Device implantation planning in a soft tissue environment: applied to transcatheter aortic valve implantation
20 February 2017
KULeuven, Kasteelpark, Thermotechnisch Instituut, Aula van de Tweede Hoofdwet, TI 01.03 - Arenberg 41 - 3001 Heverlee
Prof J. Bosmans & Prof J. Van der Sloten
PhD defence Bart Bosmans - Faculty of Medicine and Health Sciences & KULeuven
Recent developments in medical implant technology have seen a rise in devices designed for minimal invasive implantation in soft tissue. They allow to treat patients not considered for surgery, reduce pain and improve the recovery time. However, the range of manipulations that can be performed during a minimal invasive surgery is limited. In a transcatheter aortic valve implantation this can cause problems with the sealing around the new valve. Computer aided surgical planning can provide additional information about the 3-dimensional geometry of the anatomy, and the interaction between the implant and the native tissue prior to the surgery. Therefore, the aim of this thesis is to develop computer aided surgical planning tools to improve device implantation in soft tissue.
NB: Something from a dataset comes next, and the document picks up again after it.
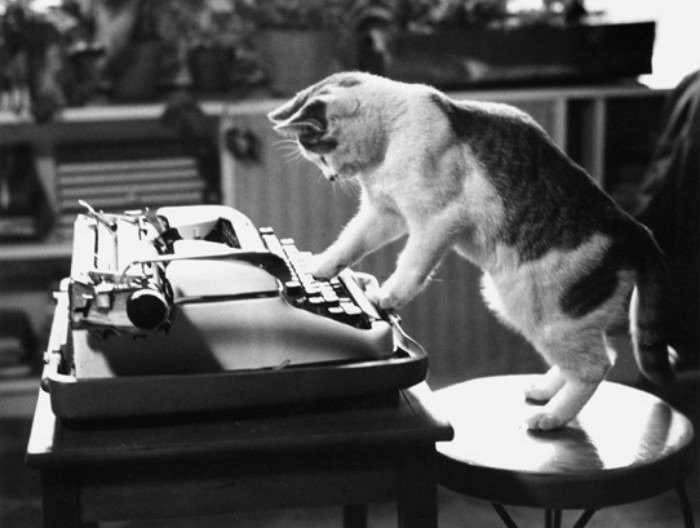 This Nineteenth Century Kitty Pamphlet Will Rock Your World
Four methods were developed to reach this aim. First, the aortic root of a population of transcatheter aortic valve implantation patients was characterised, based on the pre-interventional computed tomography images. Next, a method was developed to include the 3-dimensional anatomical shape of the aortic root in the evaluation of the optimal implant size. Subsequently, in order to incorporate the interaction between the calcified native valve and the implant, a method for the patient specific simulation of the implantation was developed.Finally, a framework for virtual testing of the fit of a device in the patient population was developed.
Patients suffering from moderate to severe aortic regurgitation post implantation, had a higher average calcification volume. However, whether an individual patient would develop severe aortic regurgitation could not be predicted based on the calcification volume.The implant size algorithm assigned the same size implant as was implanted to 96% of the patients with limited or no aortic regurgitation. When applied to the patients with moderate to severe aortic regurgitation, 54% of them were assigned a different size than was implanted. The patient-specific simulation method could accurately predict the shape of the post-operative result, and the regurgitation estimation shows promising results that should be further validated on a larger patient set.
In conclusion, this PhD thesis showed that computer aided surgical planning has the potential to improve the outcome for transcatheter aortic valve implantation patients by using the full potential of the available 3-dimensional anatomical shape information. This will allow to make a more informed decision on the optimal size and position of the implant. Further prospective research is required to assess whether the computer assisted planning will improve the outcome of those patients.